The poets included range from well-known poets such as Robert Frost, Wallace Stevens, Marianne Moore, and E. E. Cummings, to the lesser-known voices of Joel Sloman, Patricia Low, and Arthur Gregor. Each poet is introduced with a brief biographical sketch and bibliography. Carruth states in the introduction that he eschewed the inclusion of larger biographies, poet's statements, editorials, notes, and other supplementary information in an effort to leave as much space for the poetry and to increase the number of poets that he could include.
As with all anthologies, the major problem in assembling this anthology was the overabundance of material. In the introduction, Carruth sets forth his general "principles of selection":
1. To admit no poem merely because it is famous, but rather to reexamine the entire work of each poet and to choose the poems that seem now, in current taste and feeling, his strongest.
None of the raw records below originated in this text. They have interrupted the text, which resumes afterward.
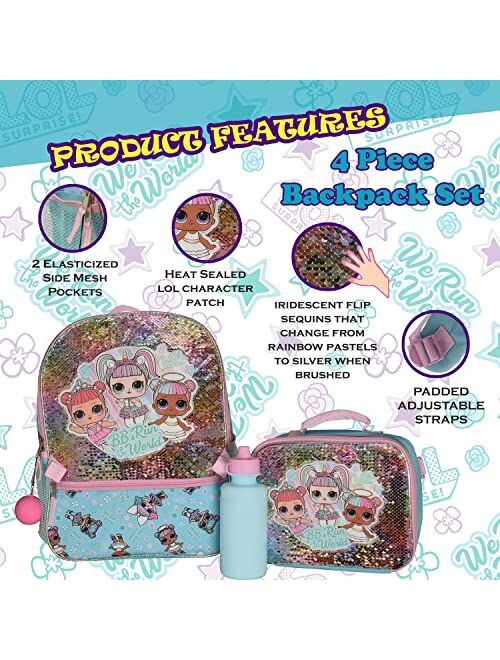 L.O.L. Surprise! LOL Girls 4 Piece Backpack Set, Sequin School Bag with Front Zip Pocket, 2 Side Mesh Pockets, Insulated Lunch Bag, Water Bottle and Squish Ball Dangle, T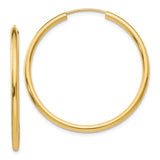 14k 2x35mm Polished Round Endless Tube Hoop Earrings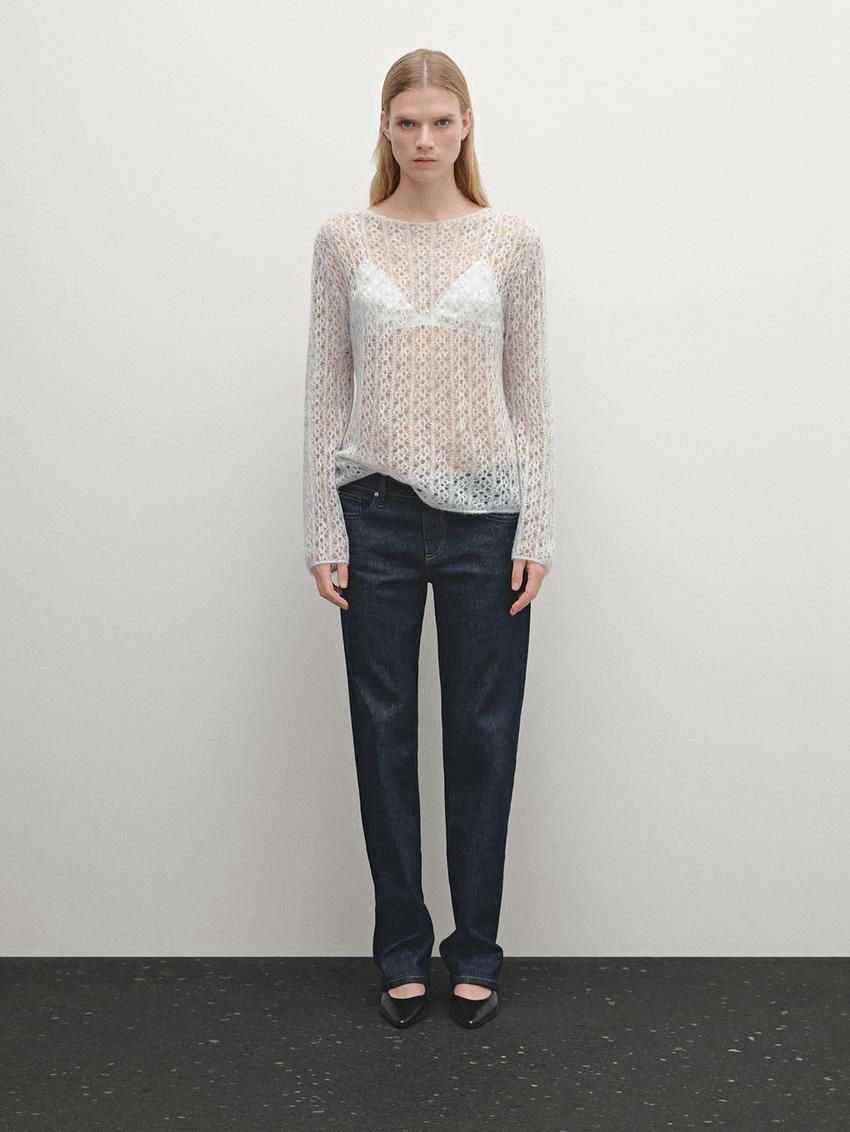 Massimo Dutti Alpaca Blend Cutwork Women Sweater White | US-YP3286974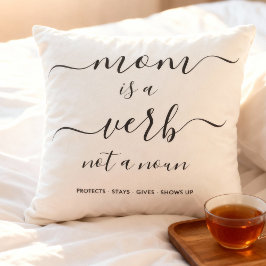 Mom Is a Verb Family Photo Collage Mother Keepsake Kissen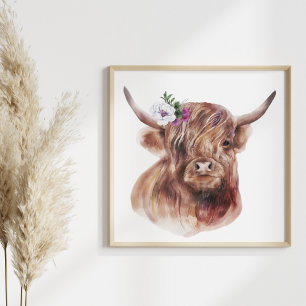 Highland Koe Rustic Scottish Cattle Illustration Poster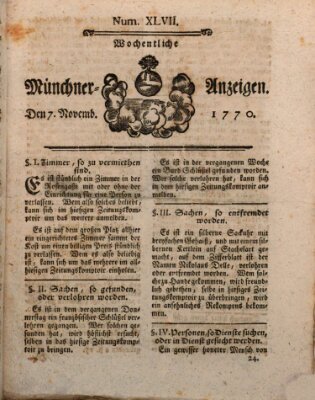 Münchner Zeitung (Süddeutsche Presse) Mittwoch 7. November 1770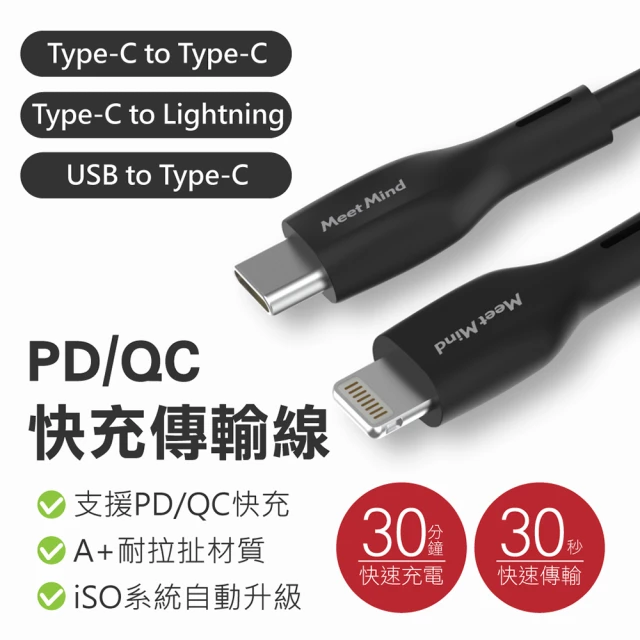 多功能USB-C to Type-C快速充電傳輸線(MeetMind  蘋果充電 手機 平板 相容性高)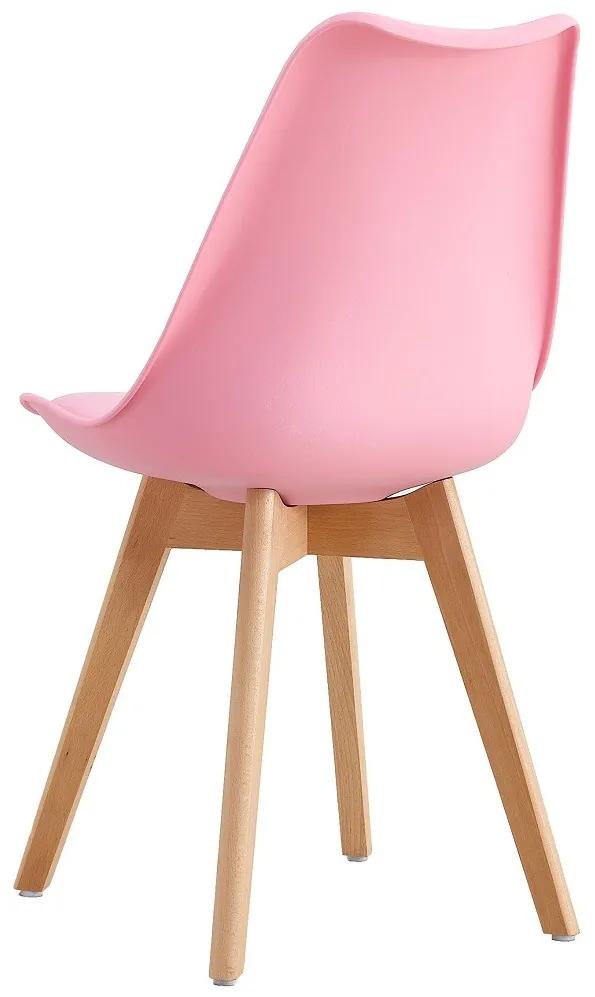 Conjunto 4 Cadeiras de Cozinha e Sala de Jantar  TORRE 4P (SU), madeira, polipropileno e assento rosa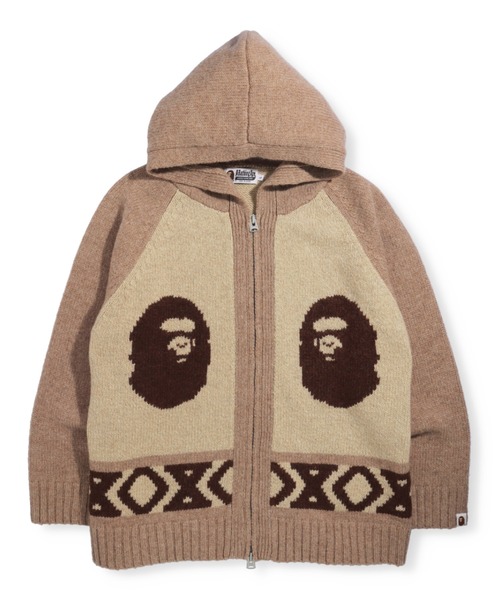 A BATHING APE（アベイシングエイプ）の「APE HEAD KNIT ZIP HOODIE M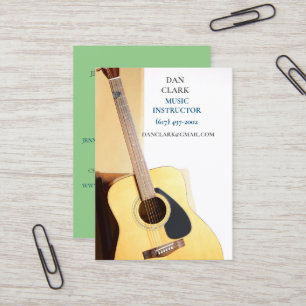 Cartão De Visita Professor de Música Sage/Músico/Violão Acústico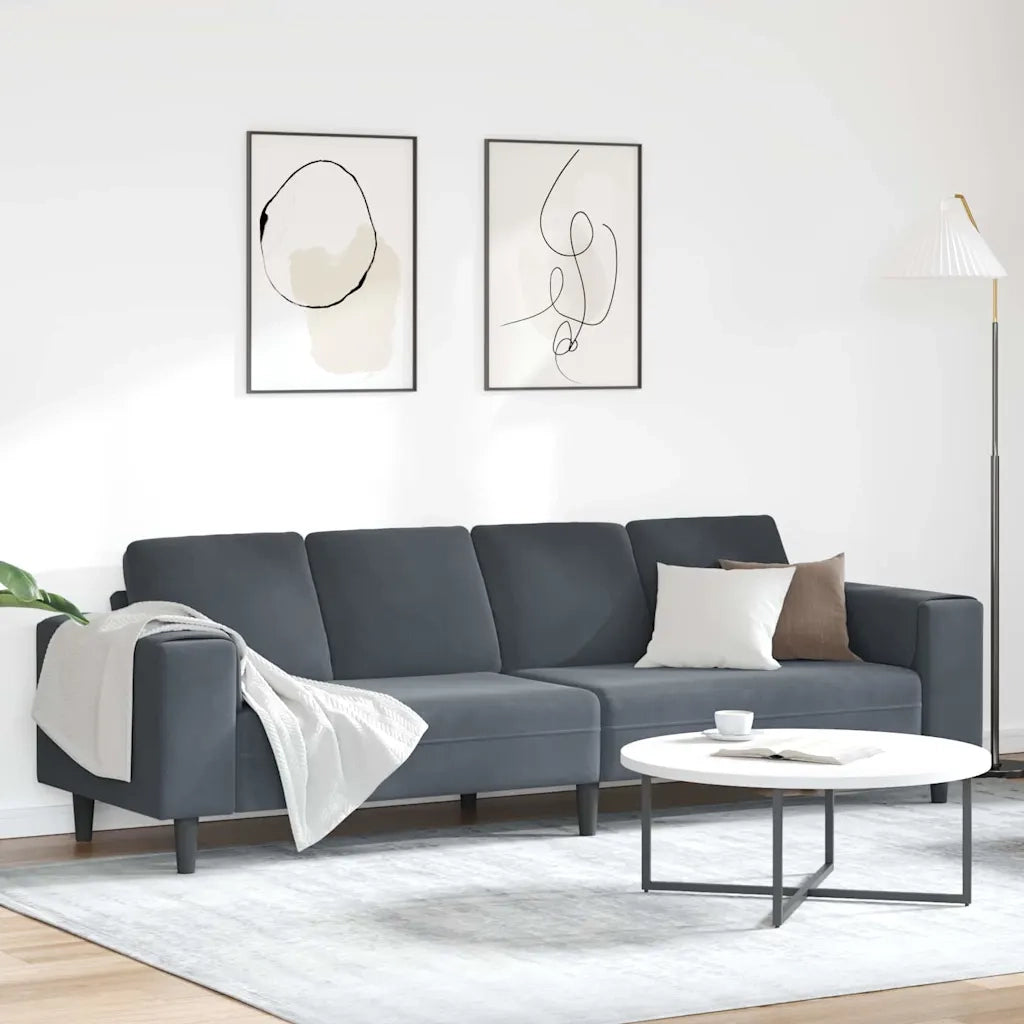 Divano per Soggiorno-Sofa da Soggiorno-Divanetto Grigio scuro 250 x 77 x 76 cm
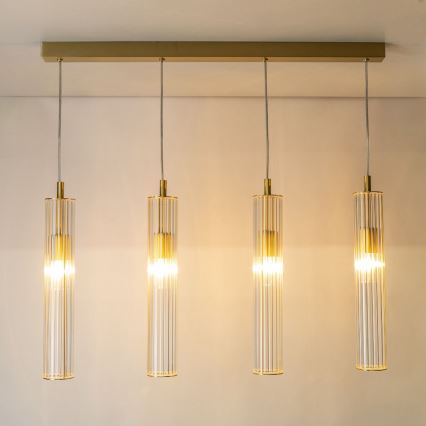 Zuma Line - Suspension sur câble 4xE14/7W/230V dorée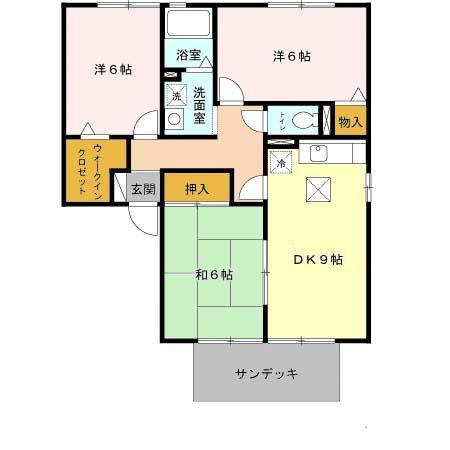 グランドコート夕映の郷1号館(3DK/1階)の間取り写真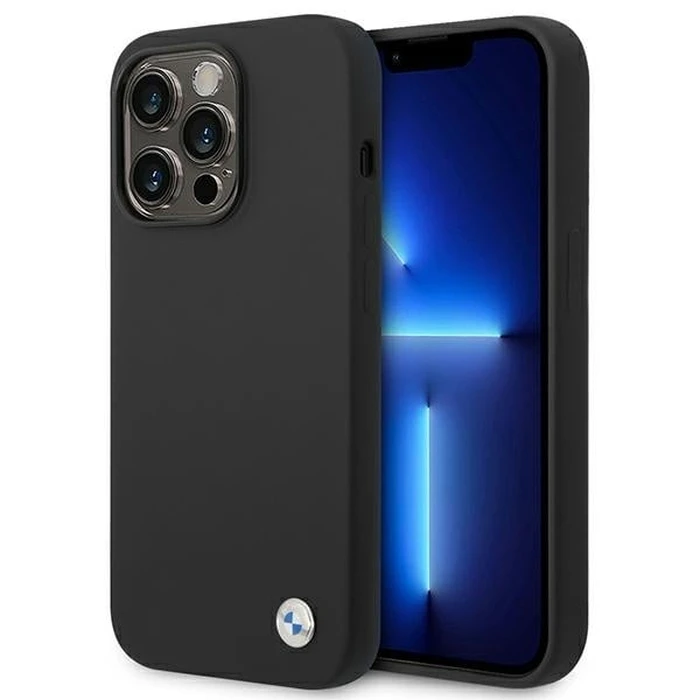 BMW BMHCP14LSILBK Apple iPhone 14 Pro black Silicone Metal Logo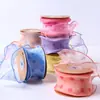 Cinta de hilo de nieve con borde ondulado de lunares Lazo DIY para accesorios para el cabello Empaque de flores para floristería Cinta de hilo de nieve con borde rizado de lunares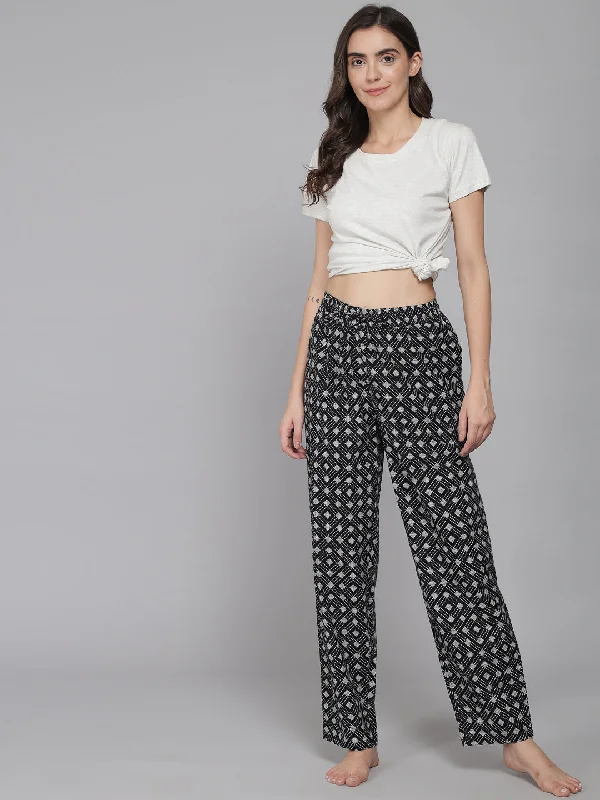 Weekend Deals That Dazzle Black Women's Square Check Cotton Pyjama by Shararat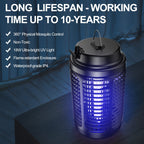 Bug Zapper Outdoor, Mosquito Zapper Indoor with Dusk to Dawn Light Sensor, 4000V Electric Fly Zapper, Waterproof Mosquito Killer, Fly Trap for Home, Patio, Kitchen, Garden - 9.8 FT Length Cable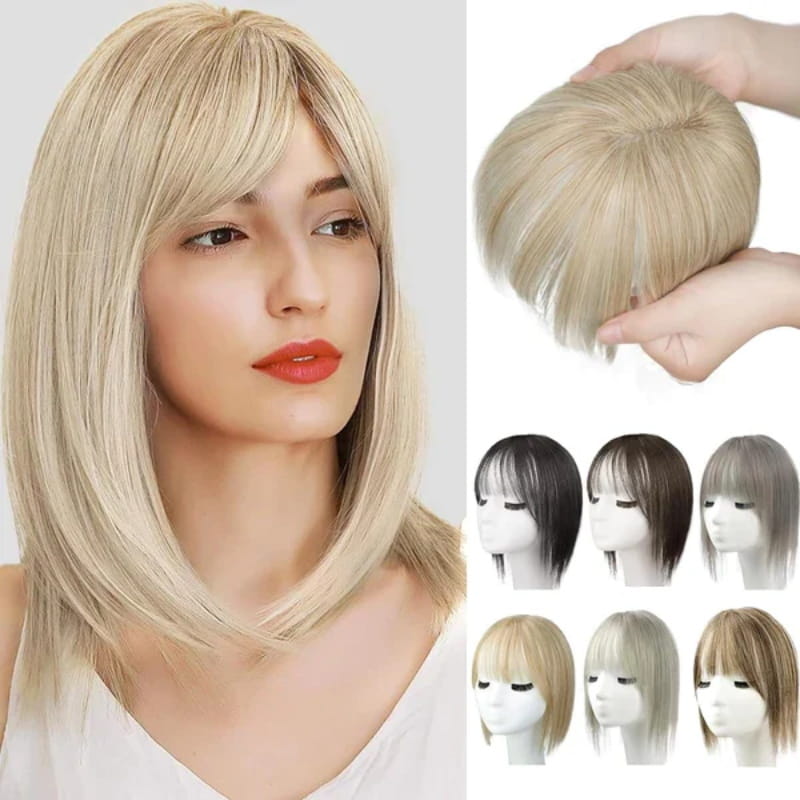 2024 Nouveau design🌸Pièce de cheveux naturelle avec frange pour Frauen💇‍♀️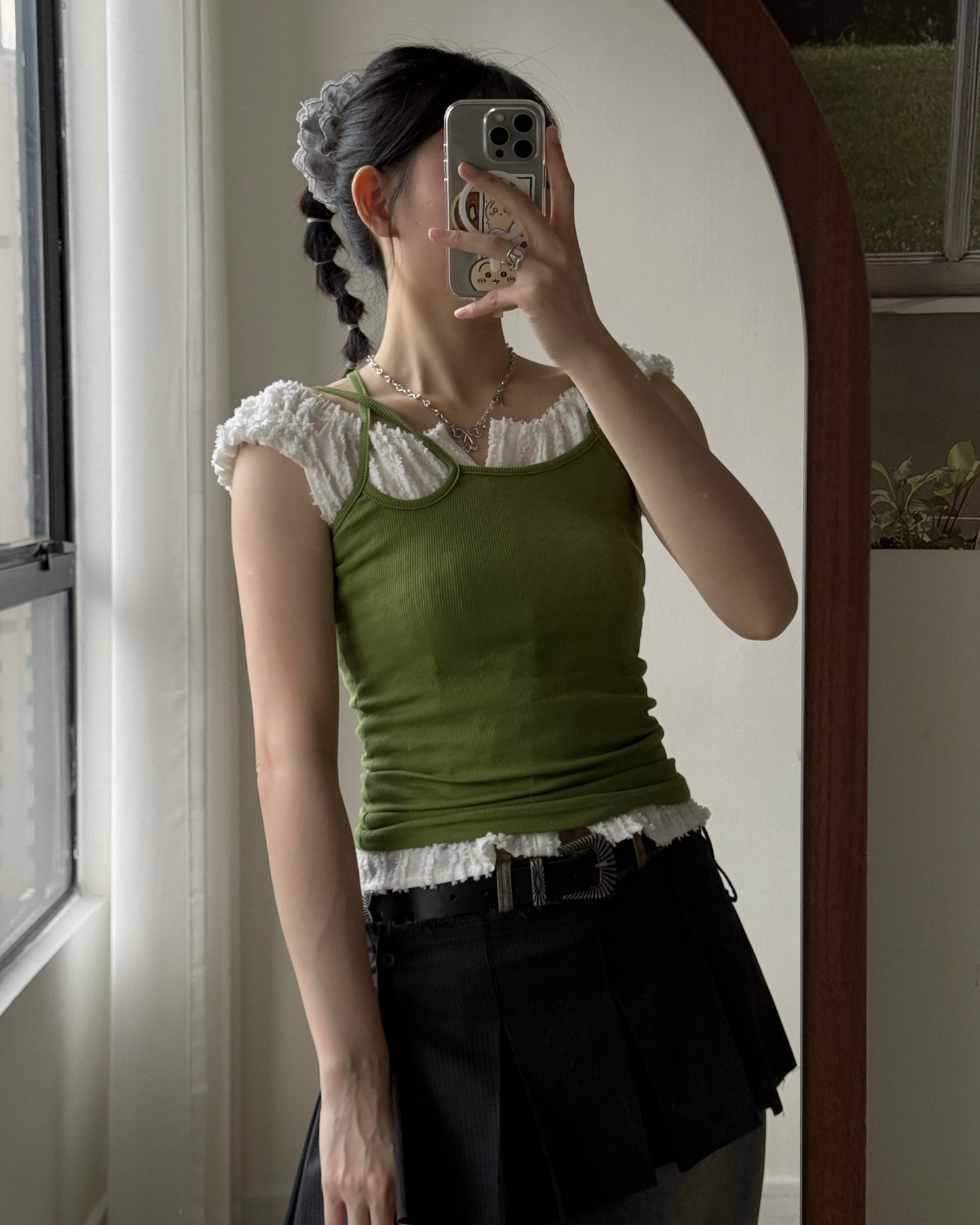 VT287 Ribbed Vest - Green | White | Black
2. To exclude all translations, excerpts from long poems, and poems with extensive notes, epigraphs or other appendages.
3. To give primacy among all criteria to my own feeling, and to select no particular poem that does not seem to me genuine within its given modality, whatever that may be.
Carruth's comments point to the inherent historical value of anthologies: that they are a snapshot of the tastes and values of a particular individual. Rather than establishing a certain canon of poets who will endure the test of time, anthologies give an intimate portrait of the concerns of a generation. The way in which Carruth defines "American" throws light on the social climate of the late 1960s and early 1970s. It is also of interest to see the poets who have endured, and those who have not, over the past thirty-five years. The canon is always in flux; anthologies such as The Voice That Is Great Within Us serve as guideposts along the shifting landscape of American poetry.
The Voice That Is Great Within Us has been reprinted several times, most recently in 2001.